At this point the PCs entered the chamber of the pyramid in all of its glory. The drow high priestess sat atop her large throne, the burning gateway to some hellish domain below her. An assault of two waves of ten level 10 mook drow assault troops attacked while two level 10 drow demonbinders fired off powerful spells. This was a good challenging fight, even when our sorcerer fired off two different spells for over 600 total damage, wiping out both waves of mooks one after the other. Only the two surprise rounds told the players that they better prepare for another ten mooks once the firs wave was dead.
With the mooks and demonbiders slain, the party faced the true challenge. The Glabrezou demon Goushon, the drow high priestess, and her personal bodyguard, a drow blademaster named Celestia Duskblade (thank you random name generator!).
I reskinned a Fire Giant for Celestia Duskblade and used an Ogre Magi for the high priestess. Goushon the Glabrezou and Celestia also got a couple of extra levels that gave Goushon extra attacks and Celestia +6 to her attack rolls. I really like leveling up monsters with these huge bonuses to just one part of their abilities. It makes monsters very interesting and deadly in just the right way by just boosting them up a bit. I don't know how balanced it is, but it makes for a nice unfair change.
It became very clear to all of the players that their new 8th level 13th Age characters roll buckets of dice on attacks. Many of them switched over to the Dice & Dragons app by Micah of Obsidian Portal which worked very well although even I must start to question algorithms when one player rolled three 20s in a row on his D20s. I'm not so sure I like it for d20 rolls but it's fine for damage.
Another way I didn't think of until we were done is the old trick of averaging some amount of the dice. There's some very simple math to help with this. Here are the steps:
Let's say you have a spell that does 14d8 damage. Subtract eight dice from that (leaving 6d8). Add 9 for each pair of dice (max 8 on any one die, plus 1) for a total of 36 (4 pairs x 9). So now you have 6d8+36 damage instead of 14d8. It seems a bit complicated but the player only needs to write down this new damage equation on their sheet.
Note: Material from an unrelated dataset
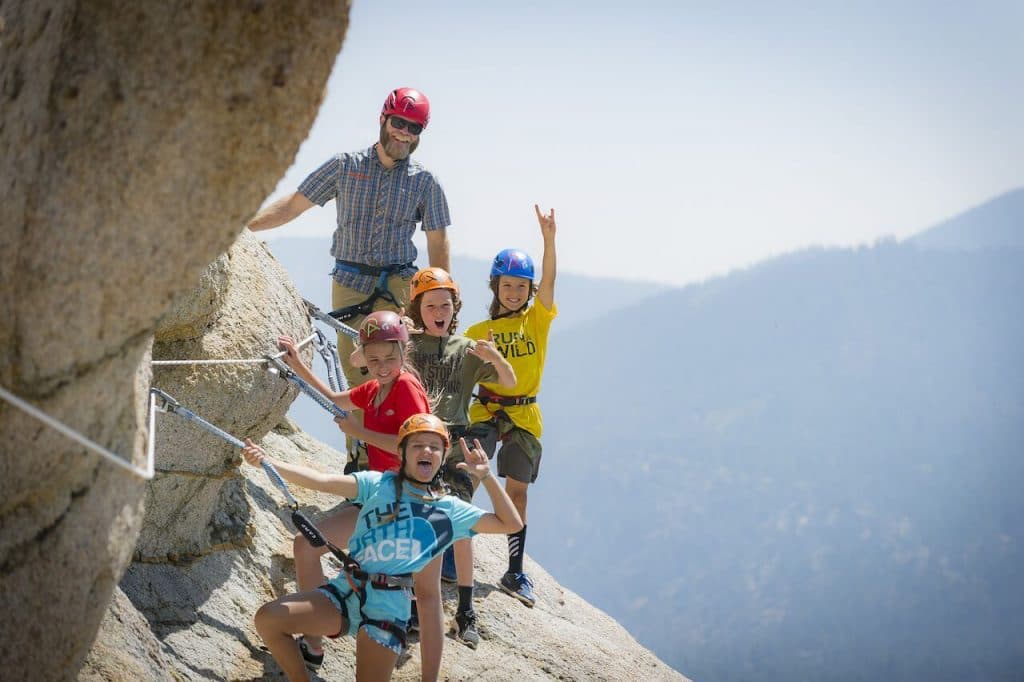 man and children on via Ferrata rock face - Lake Tahoe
Here's a simpler description:
Remove a number of pairs of dice from your pile. For each pair of dice removed, add the max on any one die + 1.
Now back to our tale.
The PCs battled and defeated the high priestess, the demon, and the swordmaster. It was a whole bunch of tough fights but they persevered. The night was already running late but I had two loose ends to tie up. First, the player playing the dark elf isn't going to be around for the last three sessions of the campaign. Second, I wanted the next session to be in the fiery dimension beyond the gate where Varik the Demon Lord of the Triumvirate has his throne. So, when Goushon died, Axyys, the dark elf, grabbed the key from him and was summarily absorbed into it becoming, himself, the key. Then a flaming whip came out of the portal and pulled it into the fiery gate. "Bullshit!" yelled my loving wife, wise to the moments when my narratives fall away from organic storytelling and into plotted crap.
Hey, no one is perfect. I think I have some interesting places to start the next game that will make it a bit easier to take. With only three sessions (maybe only two) there has to be some bit of railroading. I just consider it breaking endings.